Since pageviews are more than half Global South overall, treating unknown as Global South seems reasonable. However, we're pretty confident that Global South edits are still a fairly small minority, so it's much less reasonable to apply the same approach.

@Tbayer and I need to discuss what to do about this.

Details

Due Date
Nov 3 2018, 1:00 AM

Event Timeline

nshahquinn-wmf changed Due Date from Oct 12 2018, 7:00 AM to Nov 3 2018, 1:00 AM.
nshahquinn-wmf raised the priority of this task from Medium to High.Oct 18 2018, 8:35 PM
nshahquinn-wmf moved this task from Triage to Next Up on the Product-Analytics board.

@Tbayer and I discussed this yesterday and came to the following conclusions:

  • Unknown countries account for roughly:
    • 0.3% of pageviews
    • 0.9% of editors (technically, of (wiki, country, editor) entities)
    • 27% of edits (my estimate in the description was too high)
  • We should investigate the small group of editors that are producing all these unknown-country edits
  • Starting with October board metrics (T206895, etc.), we will treat unknown countries as a third region alongside the Global North and the Global South. I will produce some shared code to help with this.

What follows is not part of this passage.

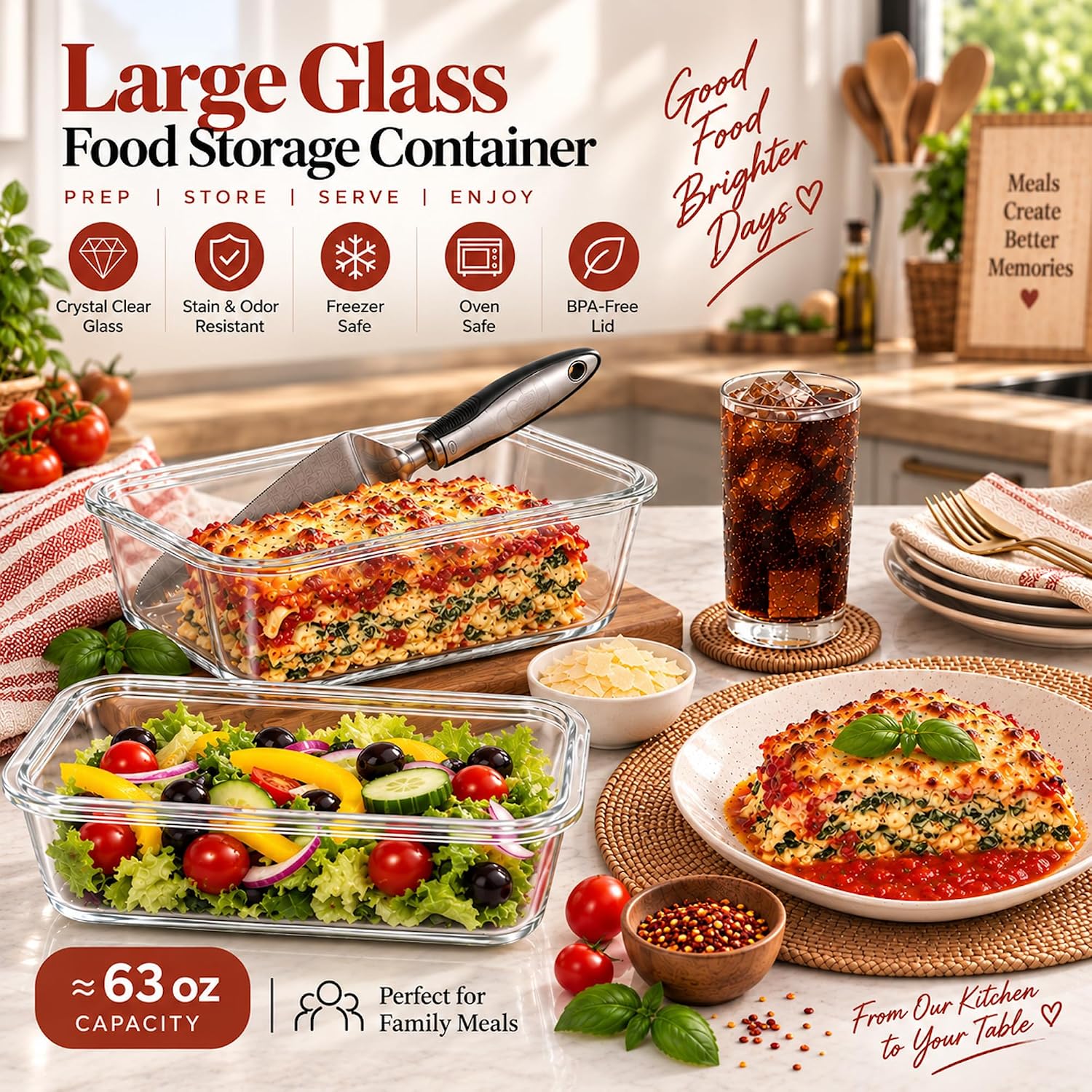 Thumbnail 6 de Razab 63 oz 2-Pack Borosilicate Glass Food Storage Containers with Lids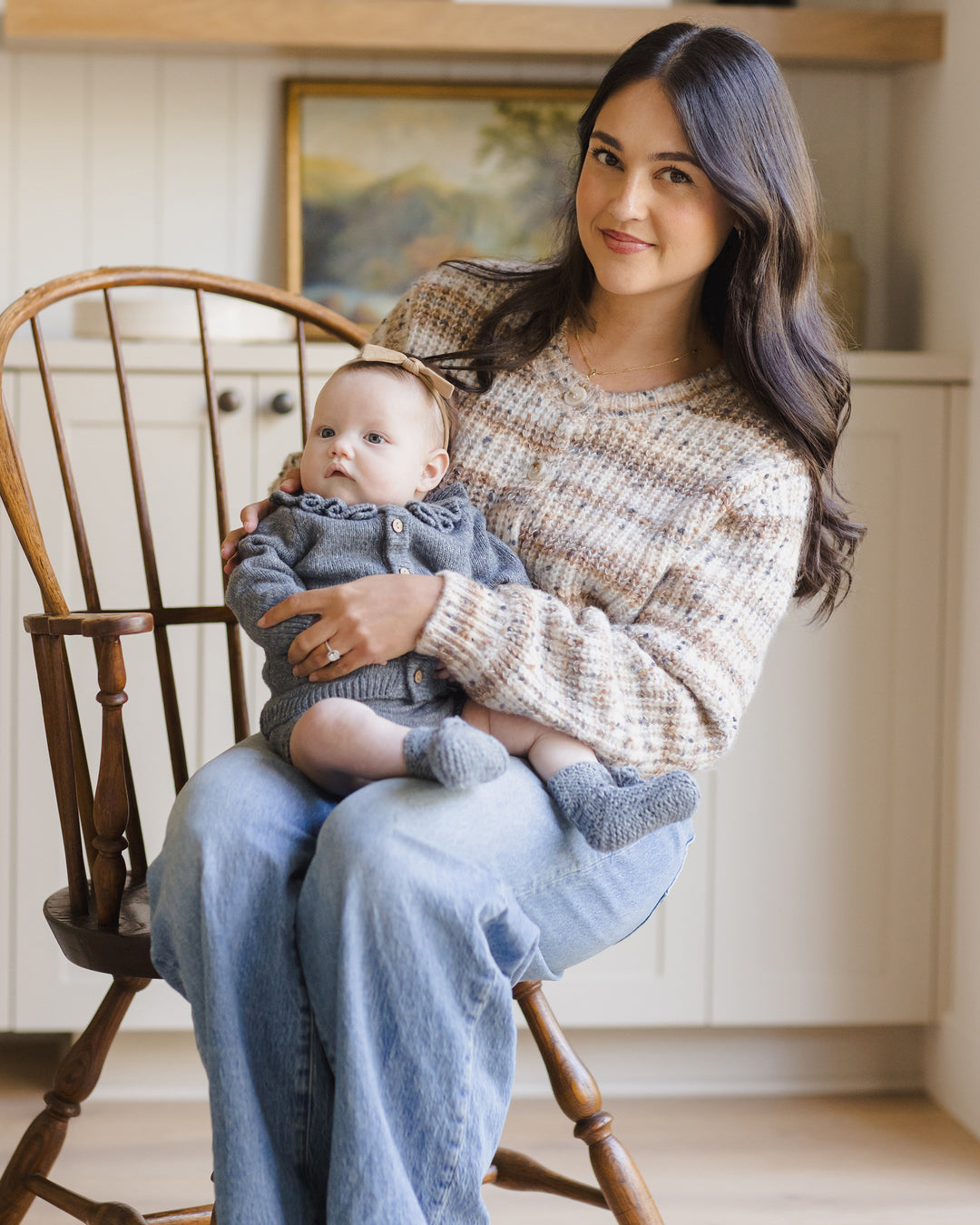 Ruffle Collar Cardigan, Ocean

+1. And to clarify, we haven't yet decided whether we should report all three of these regions separately in the board deck and in https://www.mediawiki.org/wiki/Wikimedia_Audiences (it would amount to adding two new sections, as only GS is listed currently). But in any case we resolved to remove the "unknown" country part from the existing GS metrics.

+1. And to clarify, we haven't yet decided whether we should report all three of these regions separately in the board deck and in https://www.mediawiki.org/wiki/Wikimedia_Audiences (it would amount to adding two new sections, as only GS is listed currently). But in any case we resolved to remove the "unknown" country part from the existing GS metrics.

Oh yeah—good point. I wasn't thinking that we'd add Global North and unknown to the board deck, just that in the future we'd give all three groups rather than two whenever we gave a full breakdown.

I think separating out the unknowns makes the most sense until we can properly categorize them. It may be helpful to put them into the board deck for comparison to Global South, but we can talk about how to balance adding that data without overcomplicating the slides.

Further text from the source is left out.